アーナルデュル・インドリダソン「湿地」600冊目

寡聞にも知らなかった、北欧ホラー台頭のなかにアイスランドの作家もいることを。さらに、その代表的な作家の作品が映画化されてたことも。友人から聞いてさっそくこの映画を見てみたんだけど、映画の感想のなかに「小説のほうが良かった」という人が多かったので、順番が逆になってしまったけど原作も読んでみることにしました。

いくつかわかったこと。(ネタバレあります)

事件の鍵は遺伝性の疾患とレイプなんだけど、幼い女の子の死にまつわる最新の事件のことは小説では最後になるまで出てきません。映画では、刑事がレイプ犯が殺された事件の捜査を進めるのと並行して、それより数か月前に始まったその最新の事件が進行していきます。 むしろ、最新の事件の関係者の視点で映画は作られています。エンタメ性はこのほうが高いかもしれない。複数の時系列の事件が同時進行する映画って、すごくわかりづらいんだけど、関係なさそうに見えた複数の事件が一点に収束していくのがスリリングです。

ただ、この作品に関しては「遺伝」が最大のポイントなのに、映画では冒頭が遺伝子研究所だし、最初からヒントというより答が提示されてしまっている感じがあります。とはいえ、小説でもわりと早い段階から「遺伝」という語は出てくるので、小説のほうでももっと後まで取っておいてよかったんじゃないかと感じます。

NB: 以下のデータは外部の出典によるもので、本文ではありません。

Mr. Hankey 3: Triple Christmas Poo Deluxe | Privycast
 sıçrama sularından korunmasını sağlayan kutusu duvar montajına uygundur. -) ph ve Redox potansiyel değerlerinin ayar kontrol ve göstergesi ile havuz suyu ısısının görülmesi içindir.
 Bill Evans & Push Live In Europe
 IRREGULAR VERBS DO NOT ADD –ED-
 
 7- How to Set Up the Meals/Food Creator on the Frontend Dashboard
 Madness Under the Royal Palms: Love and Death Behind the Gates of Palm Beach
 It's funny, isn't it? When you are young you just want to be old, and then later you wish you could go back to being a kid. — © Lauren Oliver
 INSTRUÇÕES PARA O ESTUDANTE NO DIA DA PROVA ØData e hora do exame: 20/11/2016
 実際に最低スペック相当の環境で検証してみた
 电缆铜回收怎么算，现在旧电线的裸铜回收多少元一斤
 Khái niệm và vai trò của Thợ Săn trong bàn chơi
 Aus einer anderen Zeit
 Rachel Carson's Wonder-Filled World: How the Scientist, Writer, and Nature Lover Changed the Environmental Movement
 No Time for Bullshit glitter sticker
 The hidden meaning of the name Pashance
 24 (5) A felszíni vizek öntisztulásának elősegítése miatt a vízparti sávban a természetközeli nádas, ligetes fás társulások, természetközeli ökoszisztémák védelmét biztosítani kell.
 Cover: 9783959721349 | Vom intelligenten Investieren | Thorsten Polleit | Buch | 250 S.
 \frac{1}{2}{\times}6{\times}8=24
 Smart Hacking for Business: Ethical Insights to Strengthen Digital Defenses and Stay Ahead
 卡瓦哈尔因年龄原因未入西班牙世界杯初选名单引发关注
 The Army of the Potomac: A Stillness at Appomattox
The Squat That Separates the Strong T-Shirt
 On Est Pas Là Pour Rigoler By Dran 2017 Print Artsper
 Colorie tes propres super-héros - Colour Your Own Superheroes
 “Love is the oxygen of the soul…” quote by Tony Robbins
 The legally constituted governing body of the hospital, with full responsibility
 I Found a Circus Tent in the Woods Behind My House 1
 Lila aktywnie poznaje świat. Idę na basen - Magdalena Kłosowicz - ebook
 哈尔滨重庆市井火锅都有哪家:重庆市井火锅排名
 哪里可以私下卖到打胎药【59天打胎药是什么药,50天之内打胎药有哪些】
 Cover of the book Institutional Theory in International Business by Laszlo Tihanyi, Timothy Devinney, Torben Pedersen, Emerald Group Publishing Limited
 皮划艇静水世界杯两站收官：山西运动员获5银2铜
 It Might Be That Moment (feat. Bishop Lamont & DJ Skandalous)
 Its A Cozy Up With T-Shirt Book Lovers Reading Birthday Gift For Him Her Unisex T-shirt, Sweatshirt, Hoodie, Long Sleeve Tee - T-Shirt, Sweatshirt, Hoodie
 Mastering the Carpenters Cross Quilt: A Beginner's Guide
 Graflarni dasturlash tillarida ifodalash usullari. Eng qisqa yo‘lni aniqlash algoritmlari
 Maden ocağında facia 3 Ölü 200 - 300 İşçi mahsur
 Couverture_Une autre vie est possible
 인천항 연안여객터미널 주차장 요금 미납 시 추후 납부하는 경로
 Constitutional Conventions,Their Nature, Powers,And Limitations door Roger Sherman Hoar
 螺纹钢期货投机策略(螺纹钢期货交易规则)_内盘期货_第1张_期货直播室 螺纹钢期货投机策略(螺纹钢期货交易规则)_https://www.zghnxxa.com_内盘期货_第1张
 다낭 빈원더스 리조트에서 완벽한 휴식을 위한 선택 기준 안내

それから、アイスランドの人名や地名は耳慣れないものが多く、口に出して発音することすら難しいので、映画で登場人物をビジュアルに把握するほうがわかりやすいかも。(ただ、ぱっと見似てる人も多いし、人間関係が複雑なのでやっぱり難しいんだけど)

ほかに、レイプ犯が映画だと3人がかりとしか取れないけど小説では単独犯であることが明白。そもそも、それがレイプだったのか合意だったのかも、映画ではいまひとつ明白ではありません。もしかしてこの辺は、原作に忠実に慎重に字幕をつけていたら、それだけで変わっていた部分かもしれません。

…でも読み終わってみて、ちょっと考えが変わりました。この作品の主人公は、その遺伝子を受け継いだ男であるべきだ。刑事を中心に描いてしまうと主人公は最後の最後に登場するだけになってしまうけど、謎解きよりこの不幸な男の一生に注目を集めるためには、彼は最初から登場しなければならない。映画化に当たっては、作品の再構成の苦労が必要だったんだな、と。

小説のほうが切なさがつのるけど、それは本人が登場する前からずっと彼は行間にいて、ビジュアルがない分、読者は彼に対するイメージを持ち続けられるからだ。

小説と映画って、メディアとしての特徴が違うから、場合によってはこういう風に再構成が必要になるのか、と、新しい発見がありました。

同じ作家の他の作品も、続けて読んでみようと思います。